* **YOUR TASK**:
Please print the line that holds "A white background" and each line after it to the end of the data, word for word, without any pictures.

--- EXTRACTED DATA Enclosed Below ---

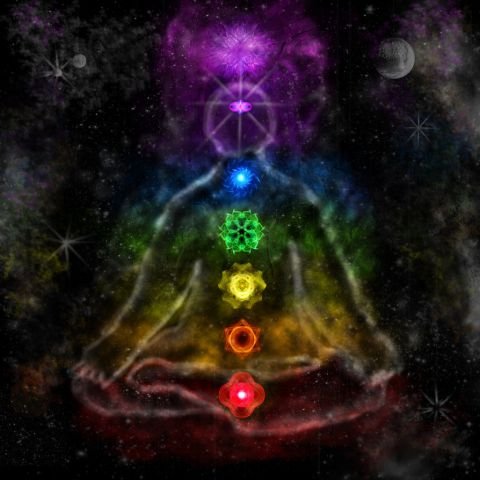 Chakra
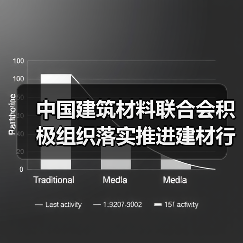 中国建筑材料联合会积极组织落实推进建材行业碳达峰技术改造途径试点研究工作(图4) 中国建筑材料联合会积极组织落实推进建材行业碳达峰技术改造途径试点研究工作(图4)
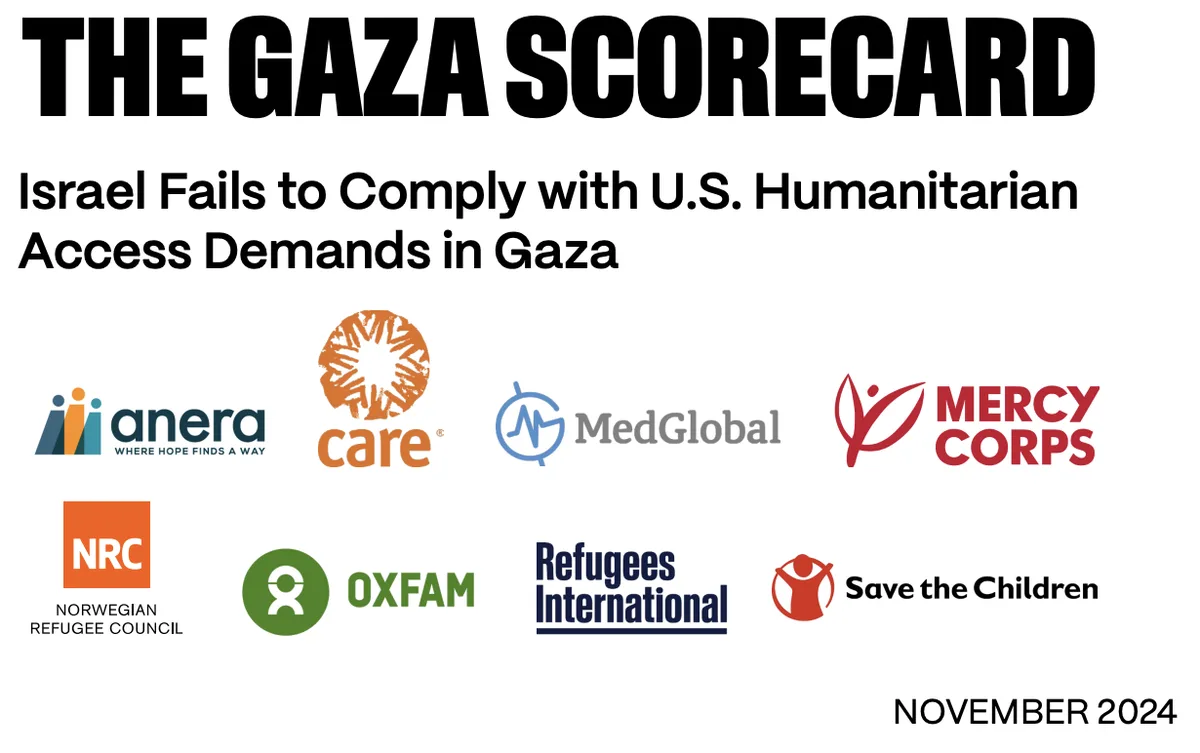 A white background image titled 'THE GAZA SCORECARD' with the subtitle 'Israel Fails to Comply with U.S. Humanitarian Access…
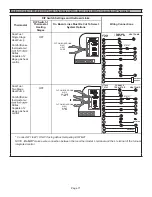 Preview for 71 page of Lennox iComfort SL280UH070V36A Unit Information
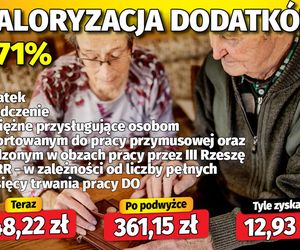 Waloryzacja dodatków do emerytur 3,71 proc.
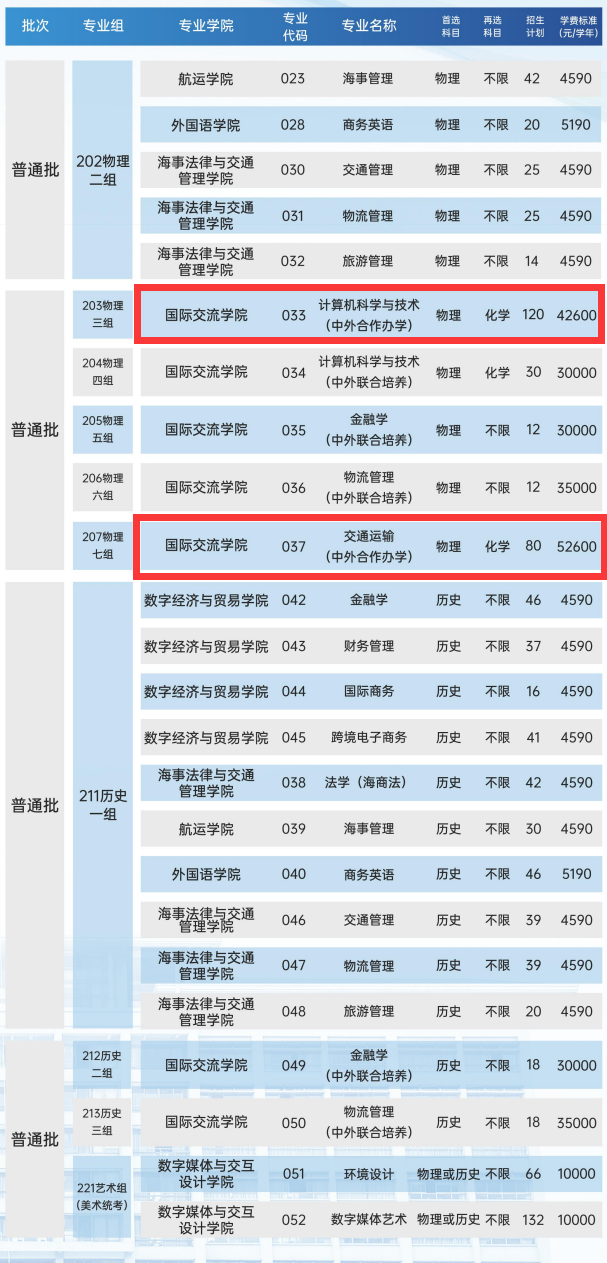 2024广州航海学院中外合作办学招生计划-各专业招生人数是多少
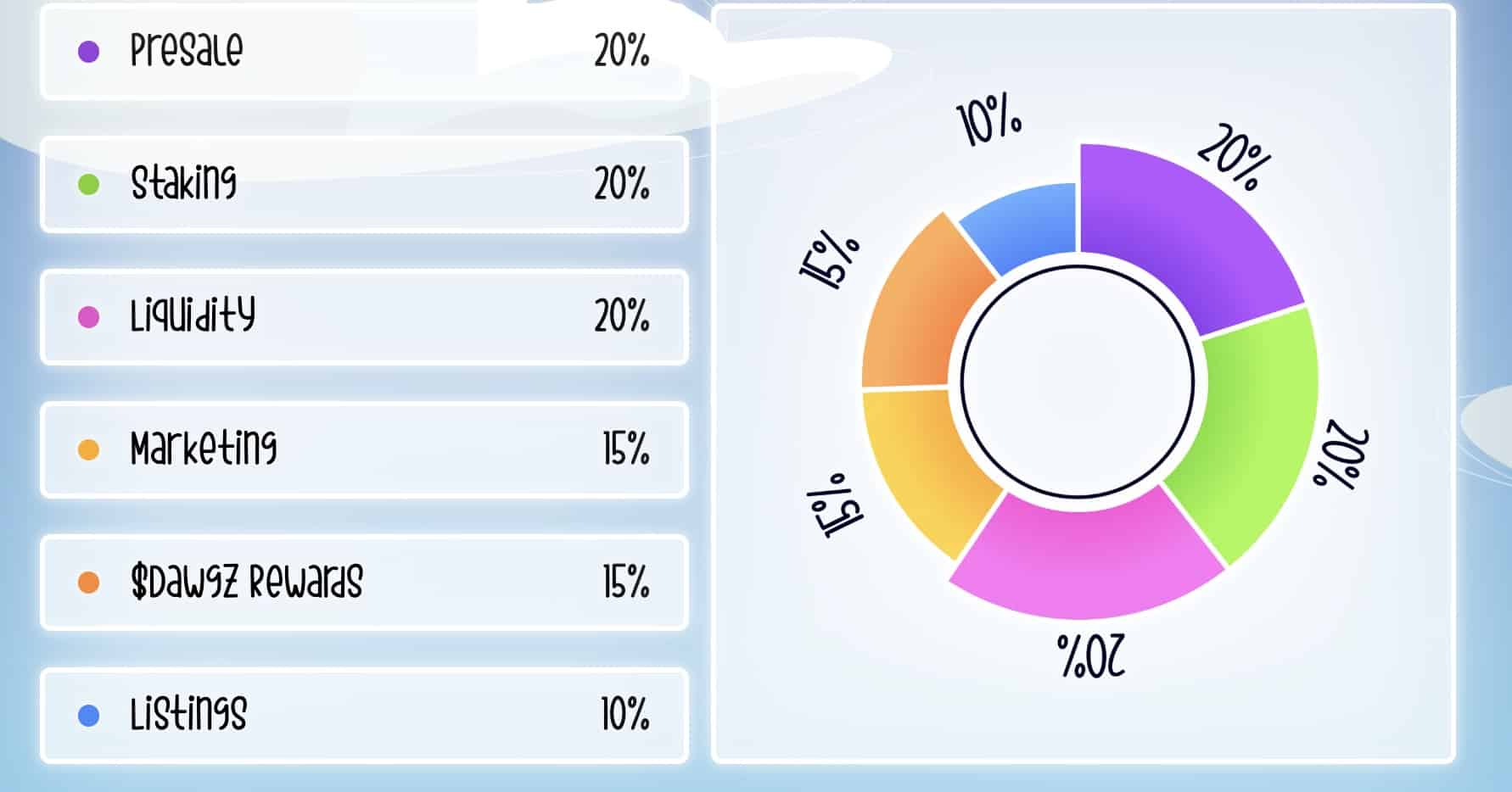 tokenomics da memecoin Base Dawgz terá 60% do fornecimento total de tokens destinados para a pré-venda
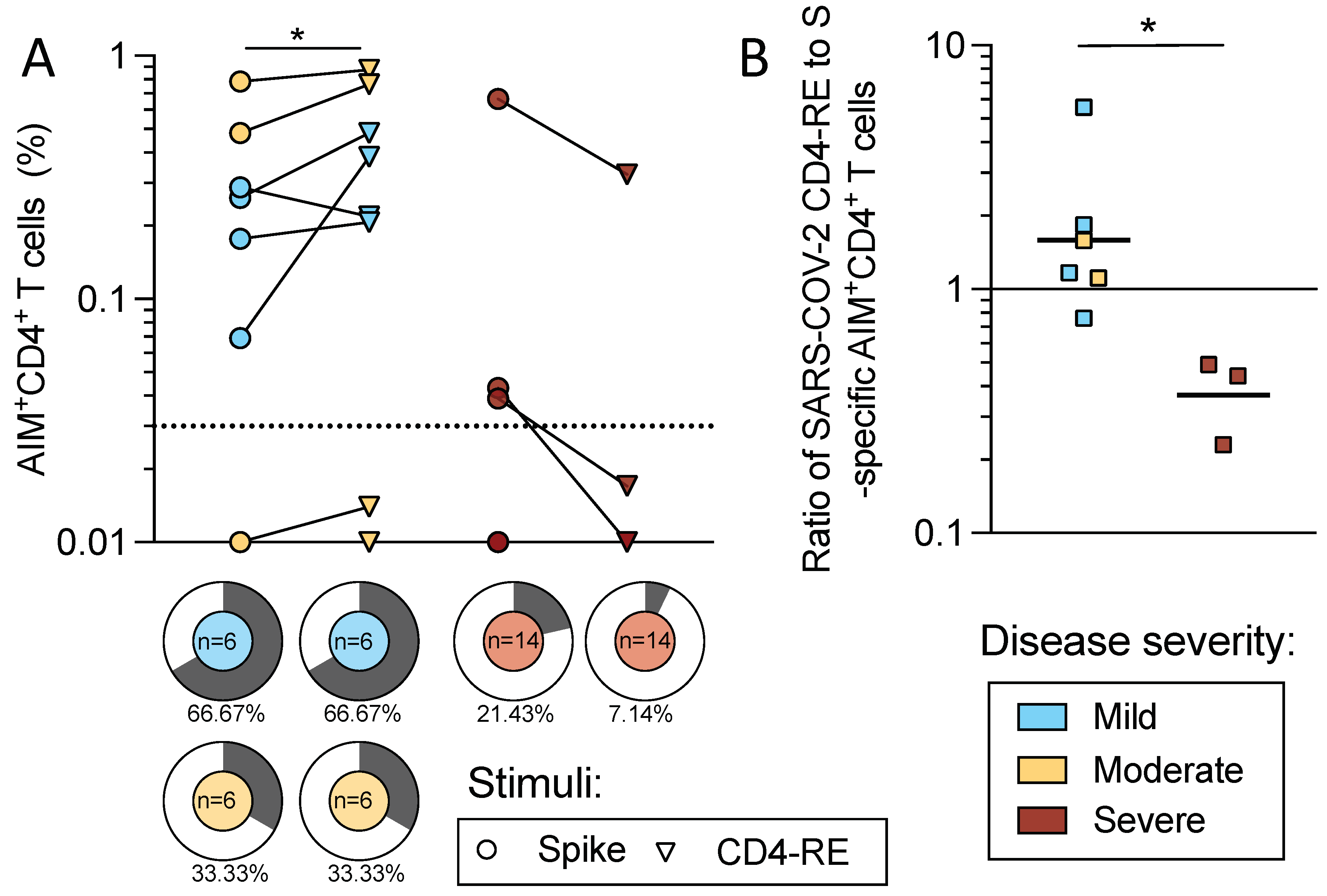 Ijms 23 07155 g006 550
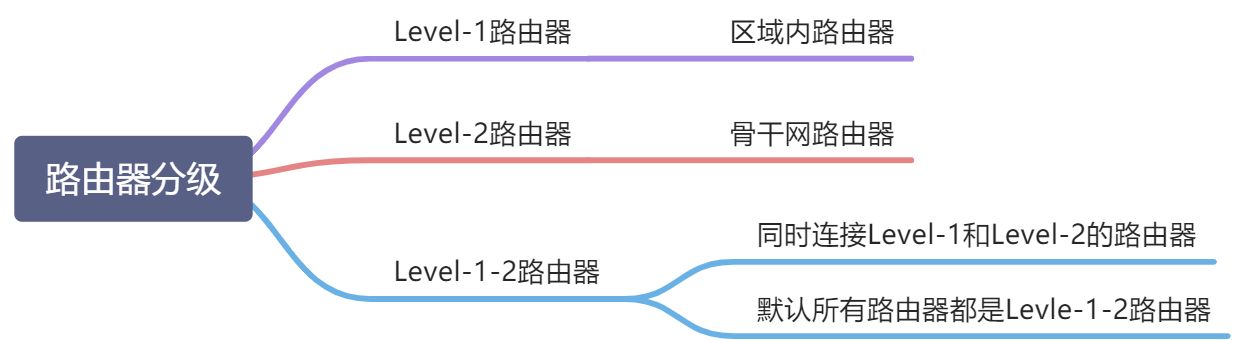 IS-IS - 图2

--- End of Enclosed EXTRACTED DATA ---

* **THE COMPLETED TASK**:
 A white background image titled 'THE GAZA SCORECARD' with the subtitle 'Israel Fails to Comply with U.S. Humanitarian Access…
 Preview for 71 page of Lennox iComfort SL280UH070V36A Unit Information
 Waloryzacja dodatków do emerytur 3,71 proc.
 2024广州航海学院中外合作办学招生计划-各专业招生人数是多少
 tokenomics da memecoin Base Dawgz terá 60% do fornecimento total de tokens destinados para a pré-venda
 Ijms 23 07155 g006 550
 IS-IS - 图2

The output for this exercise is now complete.